First, the Socialist Party maintains that our society is divided into classes based on groups of people standing in the same relationship to the means of production.

Secondly, the Socialist Party holds that the interests of these classes are antagonistic and irreconcilable and that a constant struggle goes on between them over the division of the wealth that society produces.

Thirdly, the Socialist Party agrees that the owning class is the ruling class because it controls the government. The government protects the capitalist class by protecting the source of its economic strength private property. It is the will of the capitalist class that the rights of private property be protected. It uses its control of government to write down its will and call it law. It uses its control of government to enforce its will, the law. The law is the voice of the ruling class.

For a capitalist, the right to private property means first and foremost the free and untrammelled ability to own and use in any way he may see fit the instruments of production. It means that he shall have at all times free access to these instruments, and that he on his own decision shall be able to grant or refuse such access to others: that he himself shall decide whether or not to employ the instruments to turn out goods; that the entire product of the instruments shall belong to him. He and his fellow-capitalists have constructed their state to defend this right by all necessary means. However, in the course of the development of capitalism, the original right to private property suffers some modification and limitation. These limitations are roughly of two sorts: one type is a concession forced on the state by the strength of the workers (for example, the workers’ right to strike and picket, both of which are limitations on the capitalist’s right to private property); the other and more frequent type is imposed by the bourgeois state itself, acting as representative of the entire capitalist class, in order to protect the system of private property against being undermined by the too anarchic practices of individual capitalists.
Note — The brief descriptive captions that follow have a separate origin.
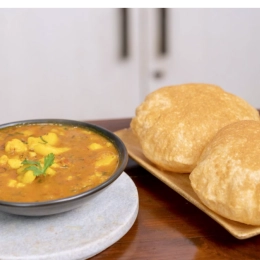 Puri bhaji (2 Puri)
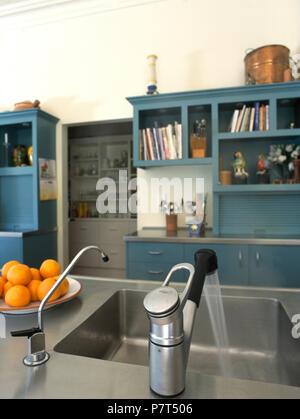 Chrome tocca versare acqua in acciaio inox lavello da cucina Foto Stock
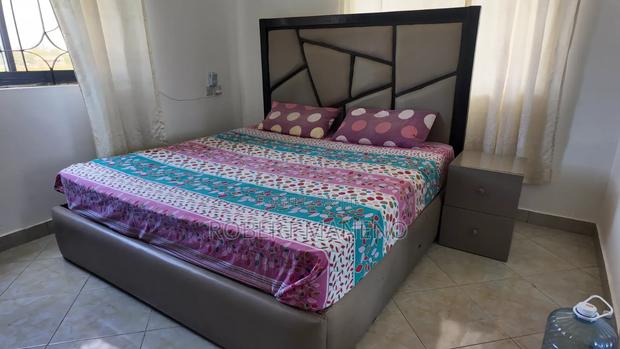 King Size Bed - 6 by 6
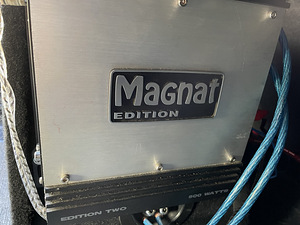 КОМПЛЕКТ САБВУФЕРА MAGNAT (2 фото из 2)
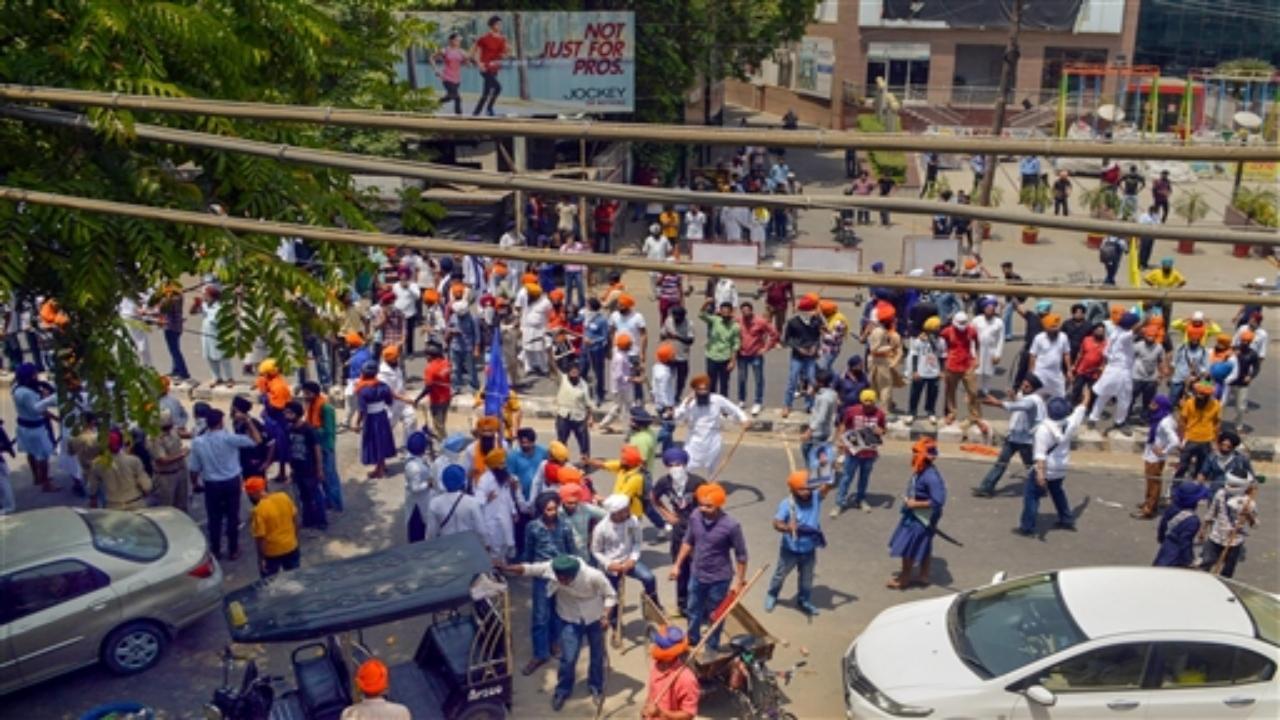 Patiala clashes: IG, SSP among 3 police officers transferred, mobile internet blocked till 6 pm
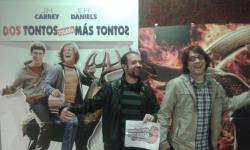 08. En un cine, junto a un póster de una película, imitando las poses de los actores que salen en él.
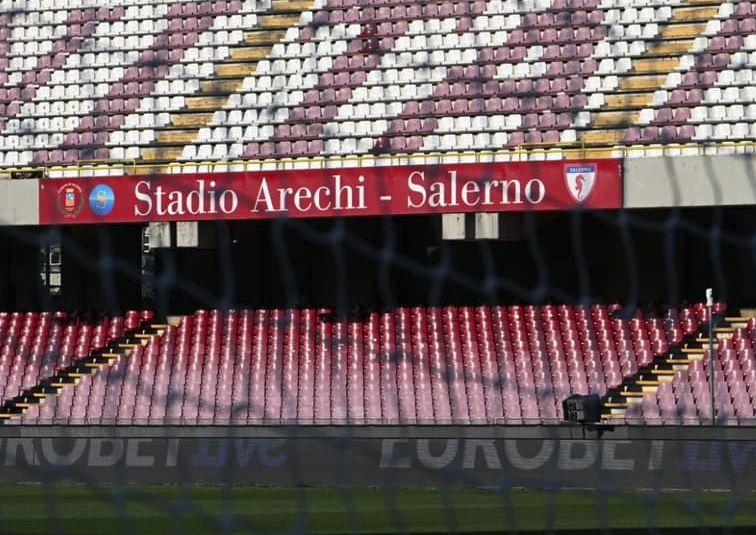 Salernitana-Catanzaro, Distinti Superiori aperti agli ospiti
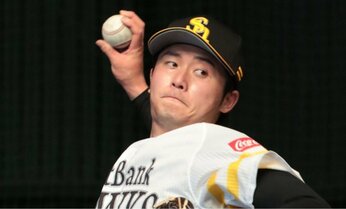 “ドラ1”甲斐野を人的補償で移籍させて良かったのか? SBの「上位指名」に感じる“球団の迷走”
Capitalists, as individuals, usually resent both of these types of limitation, but it is only against the first that they carry on and must carry on a bitter and decisive struggle. The second type is in the final analysis a mode of self-preservation for capitalism. If they are ever to achieve their own emancipation, working people must throw off the shackles of bourgeois law. Socialism is transforming the means of production from individual into common property;

At present the processes of government by which the capitalists of this country rules are called the democratic form of government. Democracy literally means “Rule of the people”. We live in a class society in which one class maintains its favorable economic position because it controls the rule by the people, since the capitalist class is a small minority, of the emulation. The majority of people support the present system and therefore the capitalist class controls the government only as long as the majority of the voters permit them to.

Mankind’s progress cannot resume its upward climb until civilisation is rescued from capitalist barbarism.